Words were and will remain weapons. Words have the power to conjure myriad responses. The worst possible response is to get lured to play by the other side’s gambit. The truism “if the cap fits” is politically dangerous. It is exactly how the BJP reacted to the “pannauti” jibe; it ran to find shelter in the EC’s powers. The problem with the EC is that its power to control the Opposition’s message is limited to the period of the elections. Once the counting in over, the complaints and explanations have no effect.
This round of Assembly elections in five states has revealed what scares the BJP as the defending champions. It is words like “pannauti” because these are designed to entertain and attack at the same time. This is an entirely new game for which the old BJP playbook has no counter. As the challenger, the Congress must first score victories and then pursue its playful attacks further, faster in the run-up to the 2024 general election.

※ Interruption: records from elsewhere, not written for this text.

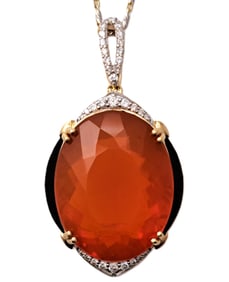 Huge 18.9ct Natural Fire Opal Diamond Black Enamel 14k Gold Oscar Friedman Necklace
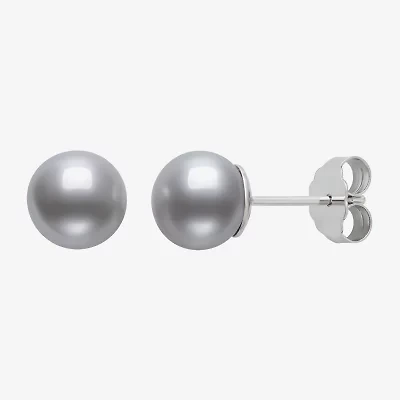 Cultured Freshwater Pearl Sterling Silver 8mm Ball Stud Earrings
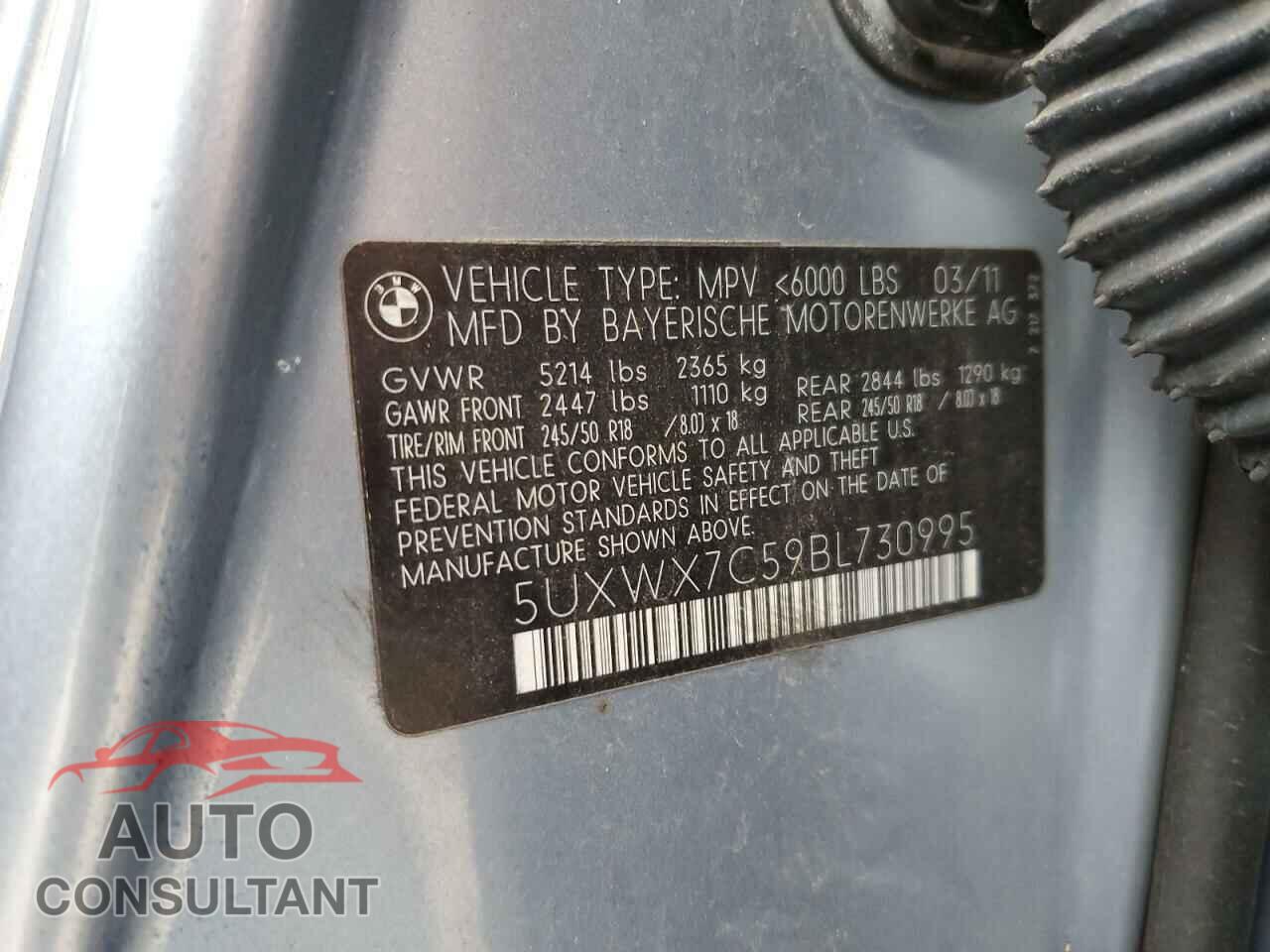 BMW X3 2011 - 5UXWX7C59BL730995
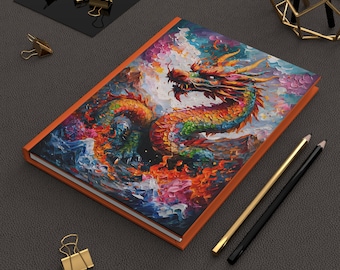 Dragon Hardcover Journal, Dragon Notebook, Chunky Oil Painting Design, Love the Colors with this !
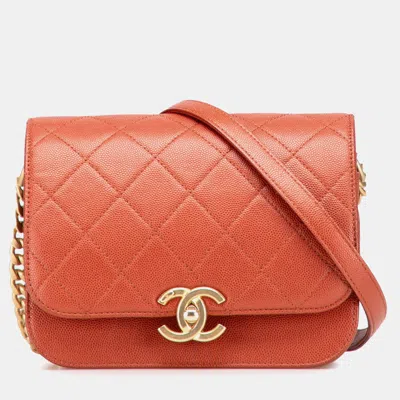 Pre-owned Chanel Red Mini Cc Quilted Caviar Messenger Single Flap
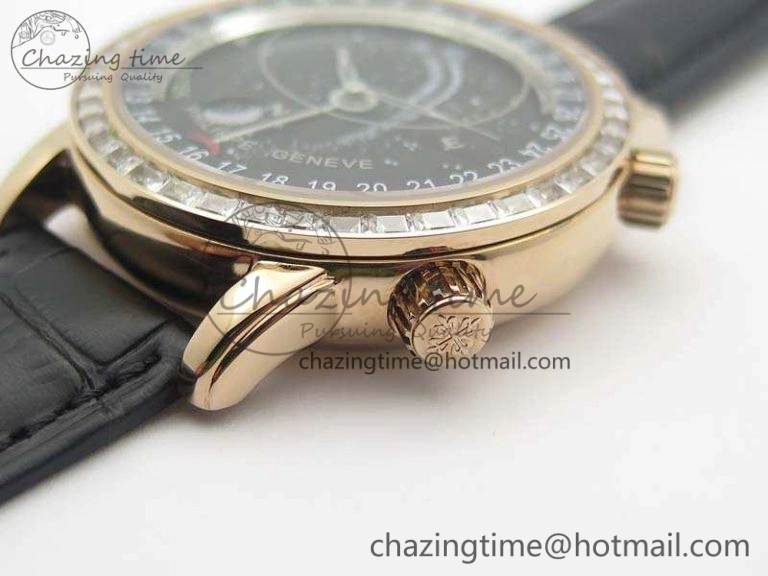 6102P Moon RG Black Dial Diamond Bezel On Leather Strap A Practical 9009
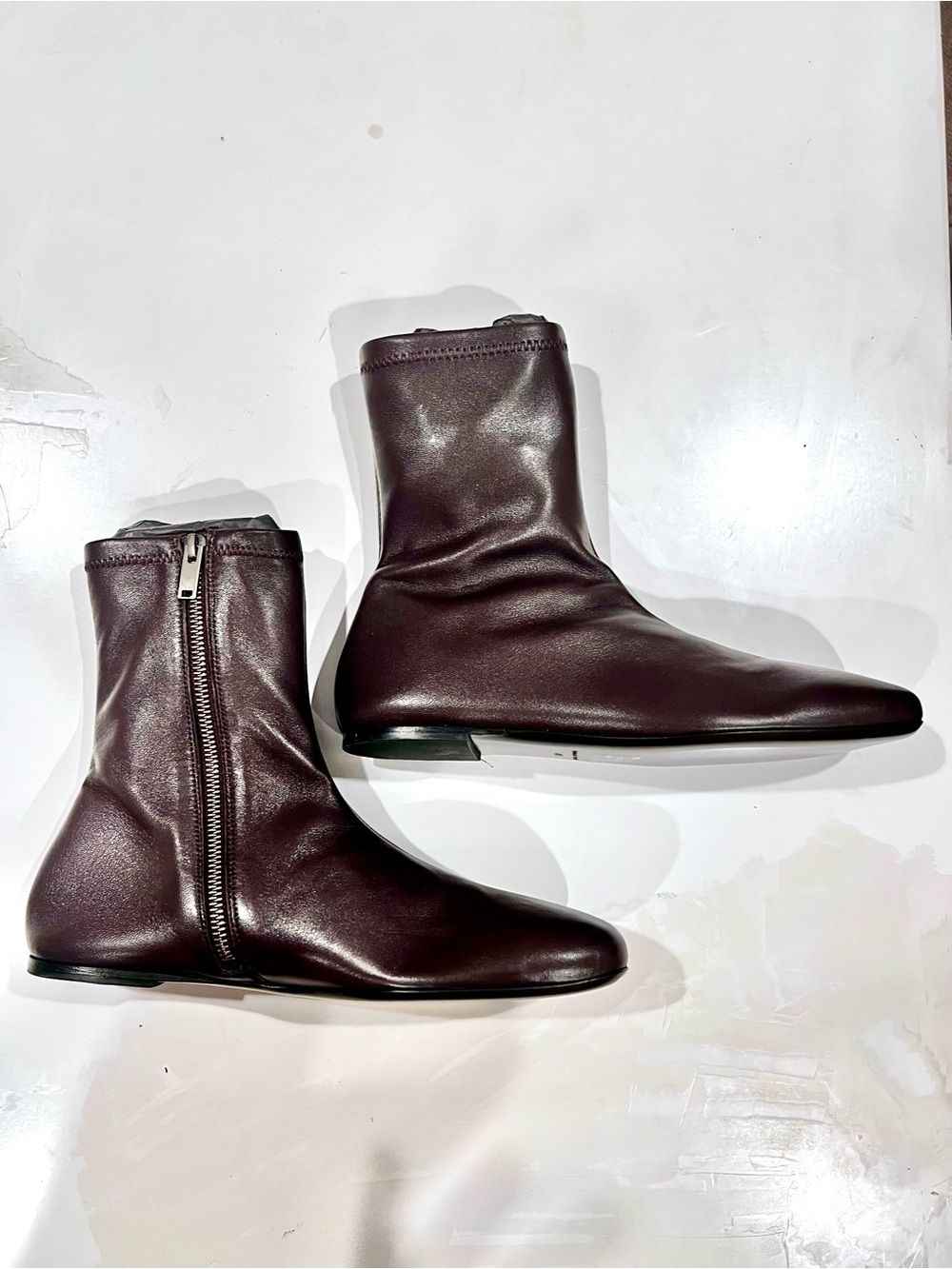 COS Women's Leather “sock Boots” in Dark Brown size 41 NWOT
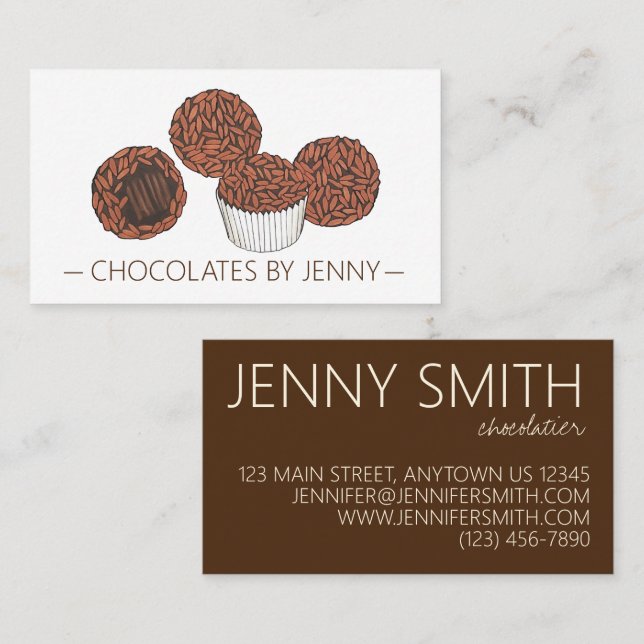 Carte De Visite Chocolat Boutique Chocolatier Chef pâtisserie Brig (Devant / Derrière)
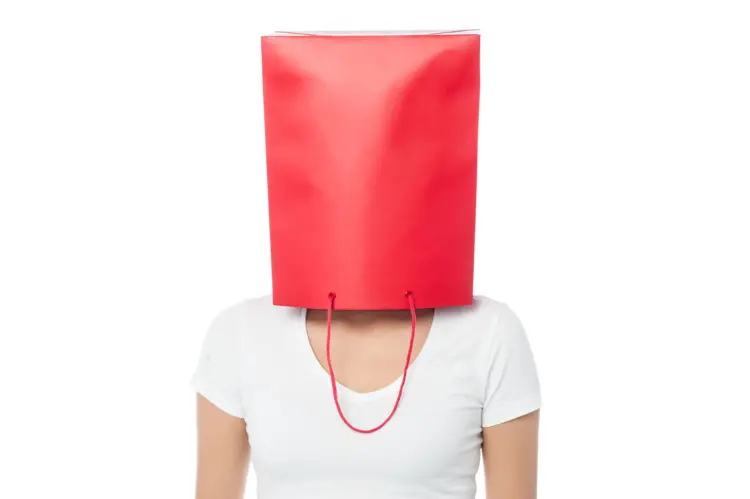 Person with Red Bag on Head
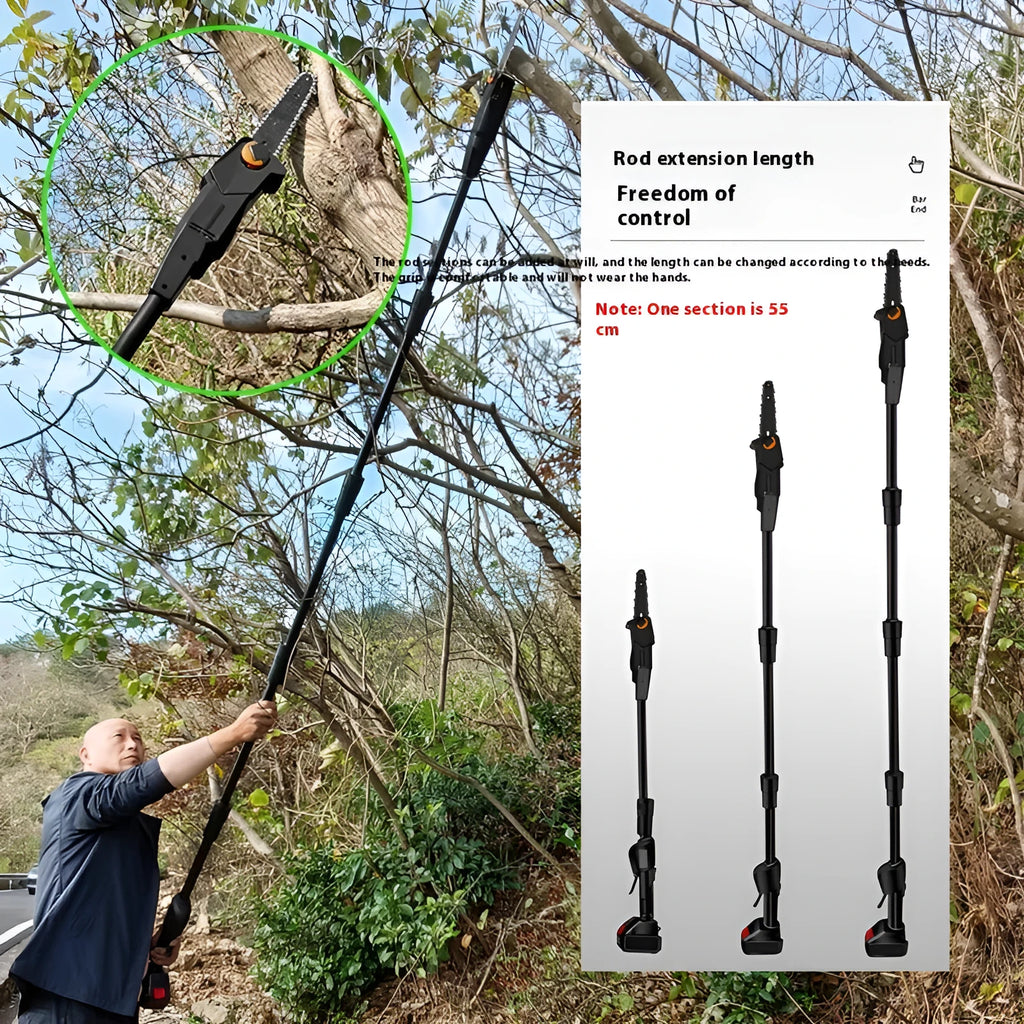 Black 24V cordless electric pruning saw with 8-inch bar and manganese steel chain for garden use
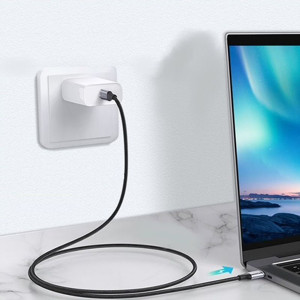 Obrazek KABEL T-PHOX FENCING USB-C/USB-C 20V/5A(100W)/USB3,1/10Gbps/4K/1M BLACK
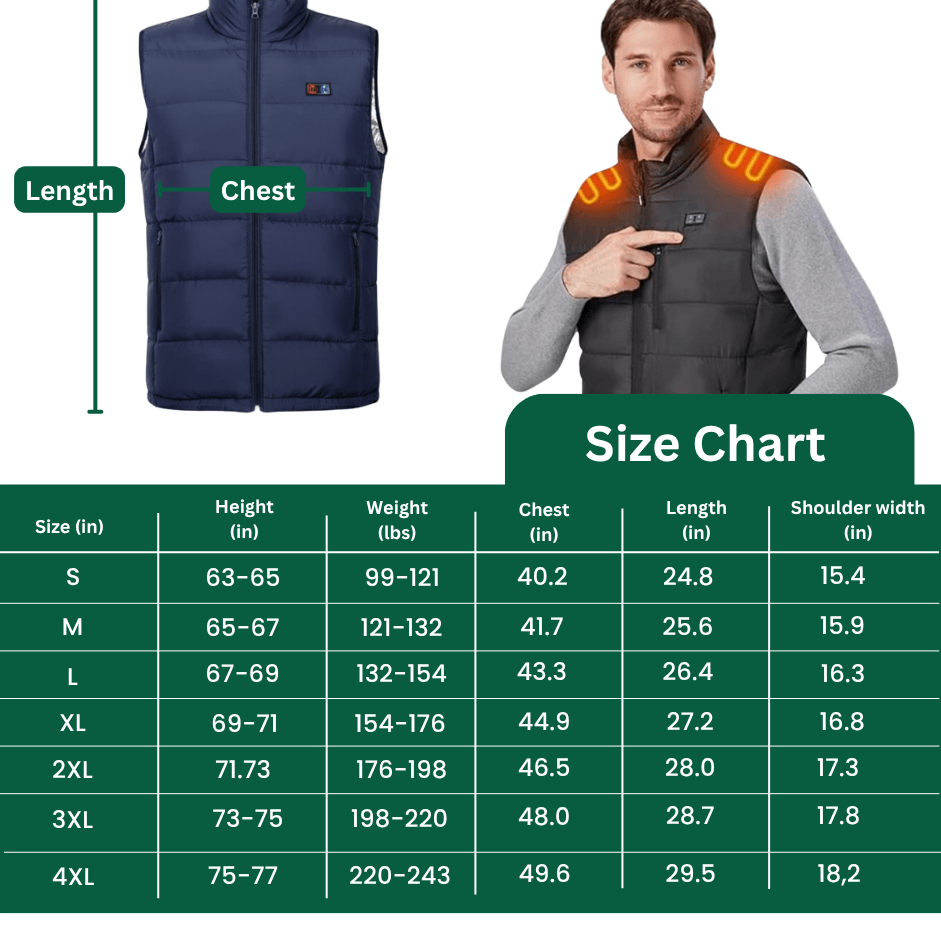 Heated Vest – 9 Heating Zones, USB Rechargeable & Waterproof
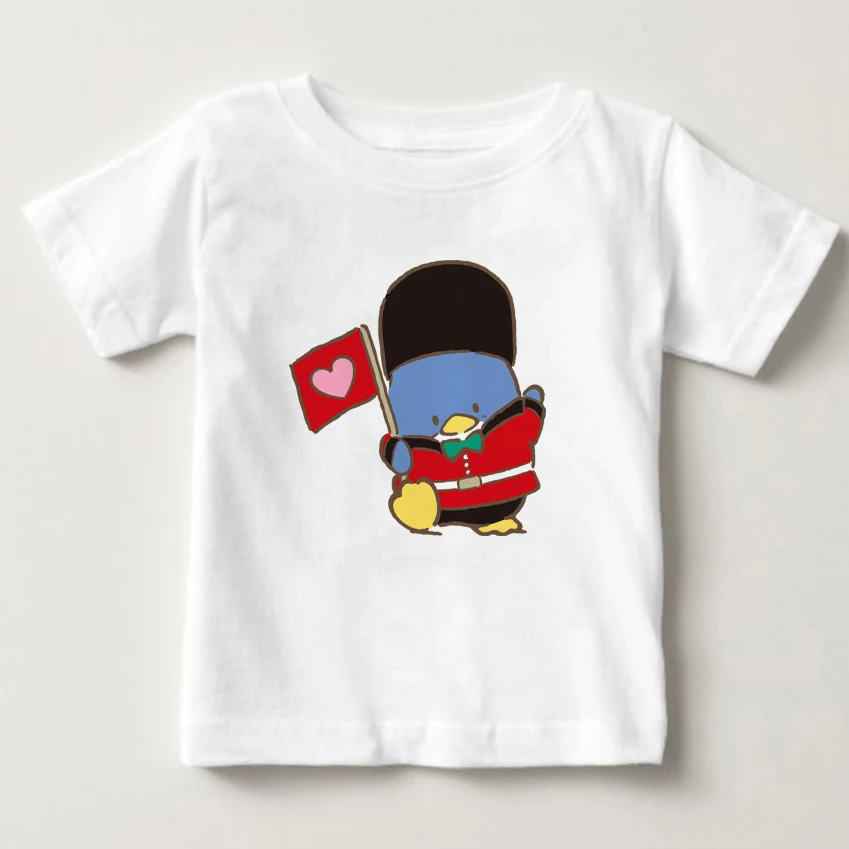 

2019 Cartoon Penguin children's T-shirt latest digital printing cute penguin boy girl summer short sleeved children's T-shirt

As the defender, the BJP has to find a strategy of dodging the bullets and containing its knee-jerk reaction of running to the EC to gag its foes. Using the “agencies” is overkill and in the public mind, is an overbearing reaction of a bully.
The best thing about democracy, elections and campaigning is the message that political parties attempt to deliver to voters to win support. The BJP has its tested arsenal of words and thoughts that circle around the centrality of the religious majority to rule India in its “Amrit Kaal”. The Congress has its more abstract and particular appeal of “Nafrat ka bazaar mohabbat ki dukan” gift-wrapped in the practical promise to increase welfare spending.
In the intensely competitive election politics, the EC’s responsibility is not to be a party pooper. It is not equipped to play the role. The more it sticks to its basic function, the healthier it will be for the competition.